> [EXERCISE DESCRIPTION] Every line below between the line holding "Alcatel One Touch" and the line holding "Eatwell Market Schnucks", inclusive, should be repeated exactly, and all other lines omitted.

> [MATERIAL PROVIDED]
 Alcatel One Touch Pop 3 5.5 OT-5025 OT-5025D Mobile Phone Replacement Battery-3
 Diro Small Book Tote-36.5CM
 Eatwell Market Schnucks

--

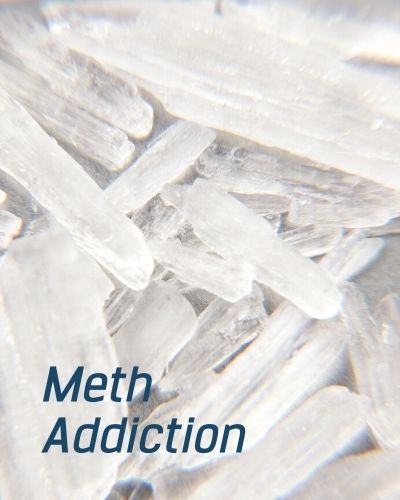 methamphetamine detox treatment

> [WRITTEN RESPONSE]
 Alcatel One Touch Pop 3 5.5 OT-5025 OT-5025D Mobile Phone Replacement Battery-3
 Diro Small Book Tote-36.5CM
 Eatwell Market Schnucks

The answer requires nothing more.